YOUR GOAL:
Whenever a line in the records below contains "photo", pick it out.

Short web captions
::::::::::

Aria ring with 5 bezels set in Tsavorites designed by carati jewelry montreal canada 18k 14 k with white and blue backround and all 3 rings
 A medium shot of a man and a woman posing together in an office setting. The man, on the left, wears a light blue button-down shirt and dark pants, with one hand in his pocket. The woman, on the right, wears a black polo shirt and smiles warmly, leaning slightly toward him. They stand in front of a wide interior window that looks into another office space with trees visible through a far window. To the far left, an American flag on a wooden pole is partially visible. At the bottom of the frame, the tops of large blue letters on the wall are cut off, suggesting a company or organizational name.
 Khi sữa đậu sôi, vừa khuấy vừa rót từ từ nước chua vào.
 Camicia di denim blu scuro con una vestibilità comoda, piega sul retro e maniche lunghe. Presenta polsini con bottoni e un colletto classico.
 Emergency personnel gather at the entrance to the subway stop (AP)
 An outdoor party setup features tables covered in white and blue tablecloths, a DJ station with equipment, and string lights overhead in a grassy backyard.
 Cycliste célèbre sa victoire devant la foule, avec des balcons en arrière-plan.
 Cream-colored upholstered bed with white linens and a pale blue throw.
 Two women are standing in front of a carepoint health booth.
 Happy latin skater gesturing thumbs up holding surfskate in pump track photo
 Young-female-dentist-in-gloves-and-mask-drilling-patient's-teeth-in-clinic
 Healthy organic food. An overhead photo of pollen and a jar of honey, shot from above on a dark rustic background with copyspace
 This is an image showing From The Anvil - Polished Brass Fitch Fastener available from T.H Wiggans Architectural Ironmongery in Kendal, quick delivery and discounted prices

::::::::::

COMPLETED TASK:
 Happy latin skater gesturing thumbs up holding surfskate in pump track photo
 Healthy organic food. An overhead photo of pollen and a jar of honey, shot from above on a dark rustic background with copyspace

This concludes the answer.